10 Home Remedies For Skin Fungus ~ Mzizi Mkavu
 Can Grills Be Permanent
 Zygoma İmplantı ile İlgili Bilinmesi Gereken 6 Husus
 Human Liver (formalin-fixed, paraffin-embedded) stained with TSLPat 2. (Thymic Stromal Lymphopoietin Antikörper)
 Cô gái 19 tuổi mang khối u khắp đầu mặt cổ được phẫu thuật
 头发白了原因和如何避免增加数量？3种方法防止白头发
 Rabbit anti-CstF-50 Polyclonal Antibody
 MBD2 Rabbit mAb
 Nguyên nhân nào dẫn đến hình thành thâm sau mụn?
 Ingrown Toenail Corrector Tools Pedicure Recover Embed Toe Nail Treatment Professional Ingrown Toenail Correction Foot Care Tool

Exercise prompt:
Each line, from the one that holds "Rabbit anti-CstF-50 Polyclonal Antibody" through the last line of the entries, must be repeated exactly. Leave out everything else.

Solution for this problem:
 Rabbit anti-CstF-50 Polyclonal Antibody
 MBD2 Rabbit mAb
 Nguyên nhân nào dẫn đến hình thành thâm sau mụn?
 Ingrown Toenail Corrector Tools Pedicure Recover Embed Toe Nail Treatment Professional Ingrown Toenail Correction Foot Care Tool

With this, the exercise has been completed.